The Eagles handed James Casey a $12 million contract in free agency and spent a second round draft pick on Zach Ertz, giving Chip Kelly three starting-caliber tight ends on the roster (with Brent Celek as the third). Despite the logjam at the position, none of the three players are necessarily odd-men-out. Kelly loves the height and speed mismatches that tight ends can create in the passing game and the size mismatches they present in the running game. While the Eagles’ tight ends won’t catch as many passes as they would like to, each of them can carve out a meaningful role in the offense.

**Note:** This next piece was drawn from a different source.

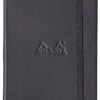 Rhodia Boutique Webnotebooks Bound 5 1/2 X 8 1/4 Dot Grid Black 96 Sheets -Best Office Supplie Shop z 589005e4 440b 4507 8f52 d9033ef8ebbc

At 6’2″, 240, Casey would be considered extremely undersized in an in-line tight end role. In Houston, he played a lot of fullback and was the second or third tight end. He’s best playing off the line of scrimmage, and Chip Kelly will likely use him as the team’s slot receiver. At Rice, Casey was Mr. Versatile, playing everything from tight end to wide receiver to quarterback. He has soft hands and excellent run-after-catch ability for a tight end. He’s a very smooth and graceful athlete for his size and can make defenders miss in space. He appeals to Kelly as a slot receiver because of his size and blocking ability. In an offense that likes to throw a lot of quick screens and bounce runs to the sideline, the slot receiver will be counted on to be an impact blocker on the perimeter. Casey – given his experience at fullback – should be able to clear out little slot corners with relative ease. His athleticism and blocking prowess make him a valuable weapon for Chip Kelly to use, even without the ball in his hands. Expect him to play around 75% of the team’s snaps as the team’s move tight end/slot receiver.

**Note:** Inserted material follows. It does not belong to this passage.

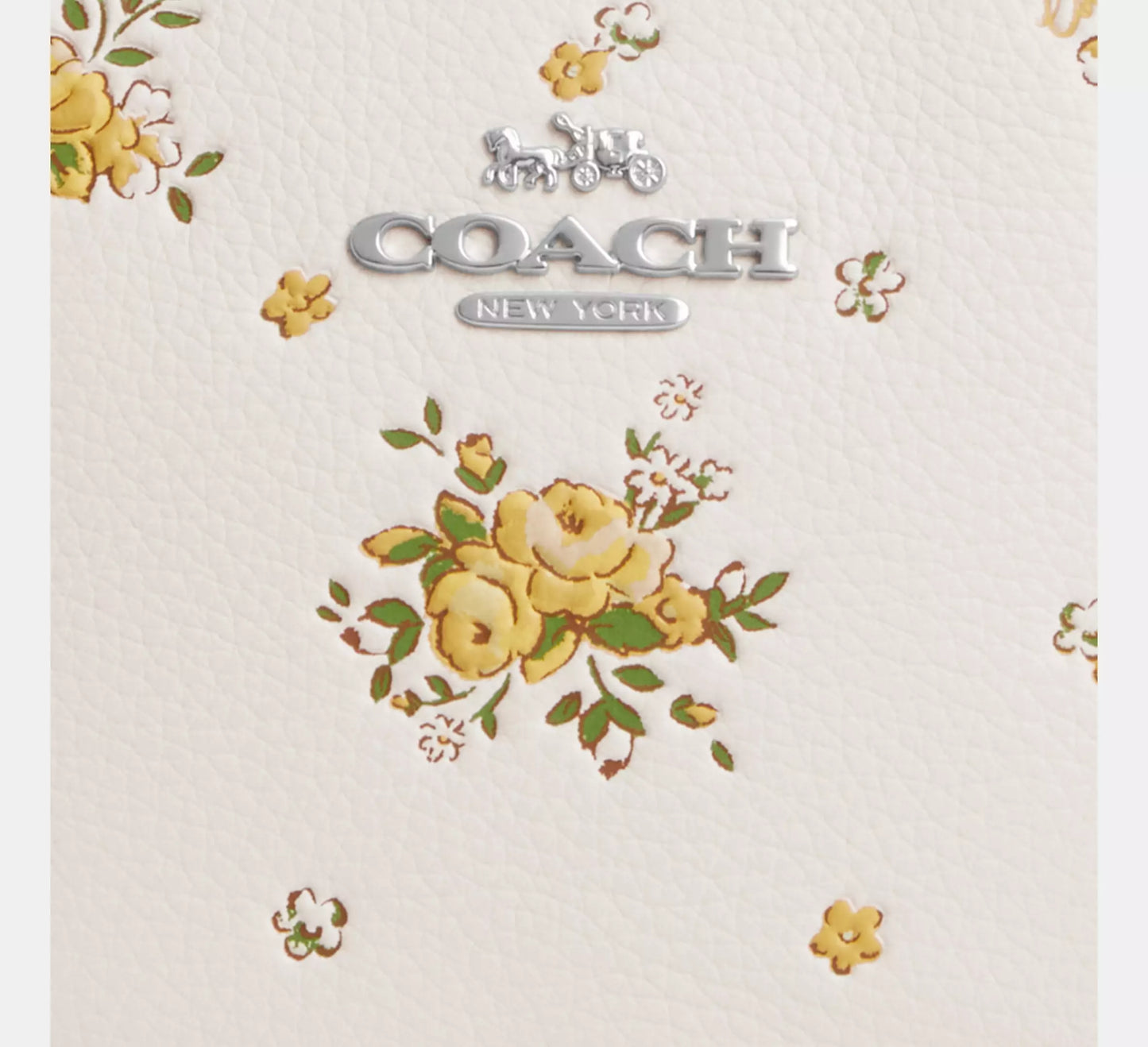 Coach - Mini Jamie Camera Bag With Floral Print (Preorden)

Of the three tight ends, Celek is the only one that was not hand picked by Chip Kelly. That certainly doesn’t bode well for his long-term future in Philadelphia, but in the short term, he remains the team’s most logical day 1 starter at the in-line tight end position. Celek is far and away the team’s best blocking tight end, both in the run game and in pass protection. He’s the toughest and most physical of the bunch, and in a run-oriented attack, that counts for a lot. Kelly has stated that Celek’s strength is his blocking, which suggests that he may fall behind the more athletic James Casey and Zach Ertz in the targets category. However, neither Casey nor Ertz offer much as in-line blockers, and that vacant traditional tight end role is Celek’s clear path to playing time. Unless Ertz outplays him, Celek is still in line to play the majority of the team’s offensive snaps, but his days of catching 60 passes a season are over.

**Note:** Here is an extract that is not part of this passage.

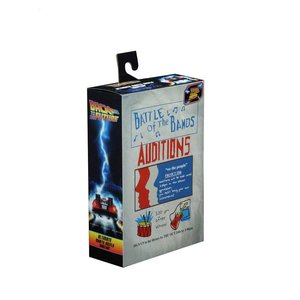 Zurück in die Zukunft: Marty McFly (Audition)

Of the three tight ends, Ertz’s role is the least defined heading into 2013. It’s never easy to project how quickly a rookie will adjust to the pro game, and the Eagles don’t have to force him into a big role right off the bat. Still, Ertz is a heady player whose game is quite polished for a 22-year-old. He is unique among the Eagles’ tight ends in that he can play both the move and in-line tight end positions. At 6’5″, 250, he has the length and bulk to play on the line of scrimmage, but he also has the athleticism to split out wide or play in the slot. At Stanford, he was very comfortable playing in a receiver-type role. I expect him to learn both positions and be the primary backup for both Casey and Celek. In traditional 2-tight end sets, Ertz should play alongside Celek, and he may even get some opportunities to line up out wide as a fourth receiver. As a do-it-all tight end, Ertz will likely convince the coaching staff to put him on the field in a variety of roles. He should play close to 50% of the team’s offensive snaps and emerge as a serious threat to Brent Celek’s job. Ertz is the most talented receiver of the bunch and can be effective anywhere he lines up.